Work task: Write the data below out exactly as it stands. Do not include the pictures.

Records for the task:
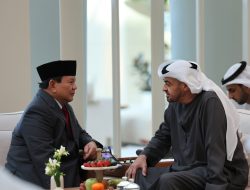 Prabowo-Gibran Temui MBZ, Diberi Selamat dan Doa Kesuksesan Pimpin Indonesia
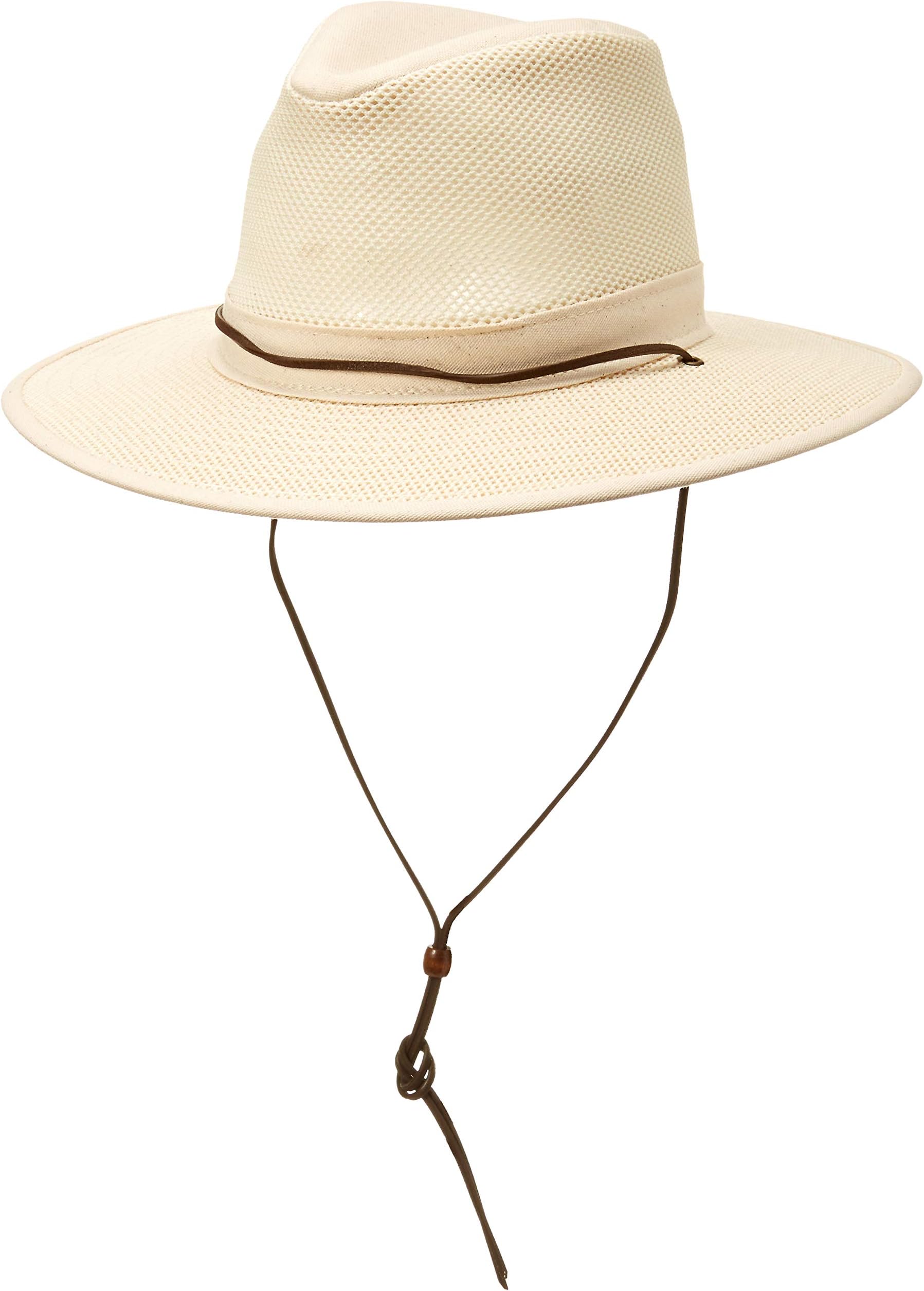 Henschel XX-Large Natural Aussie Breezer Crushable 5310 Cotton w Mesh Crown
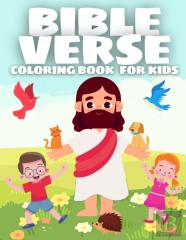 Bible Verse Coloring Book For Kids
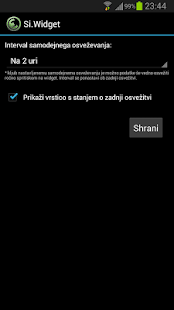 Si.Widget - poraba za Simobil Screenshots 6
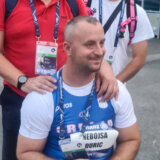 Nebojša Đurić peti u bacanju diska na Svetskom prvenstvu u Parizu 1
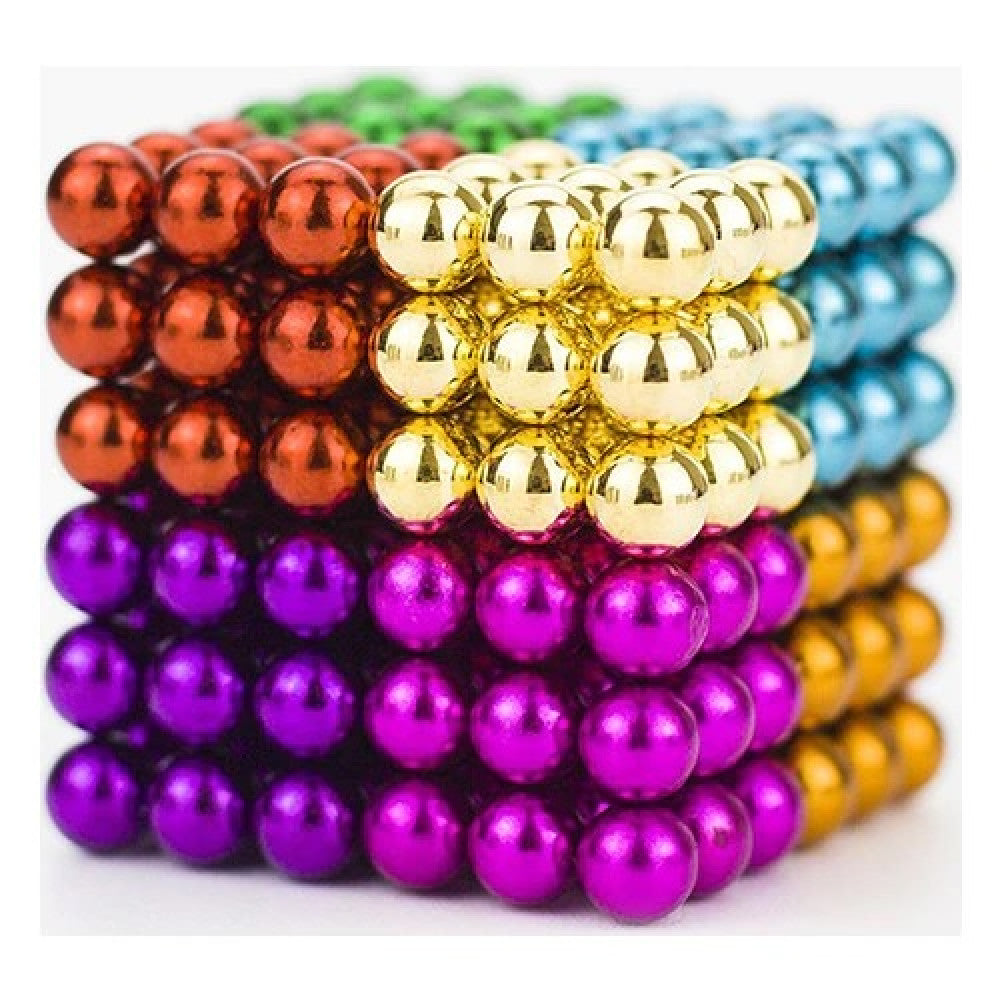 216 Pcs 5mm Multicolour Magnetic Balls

Response box:
 Prabowo-Gibran Temui MBZ, Diberi Selamat dan Doa Kesuksesan Pimpin Indonesia
 Henschel XX-Large Natural Aussie Breezer Crushable 5310 Cotton w Mesh Crown
 Bible Verse Coloring Book For Kids
 Si.Widget - poraba za Simobil Screenshots 6
 Nebojša Đurić peti u bacanju diska na Svetskom prvenstvu u Parizu 1
 216 Pcs 5mm Multicolour Magnetic Balls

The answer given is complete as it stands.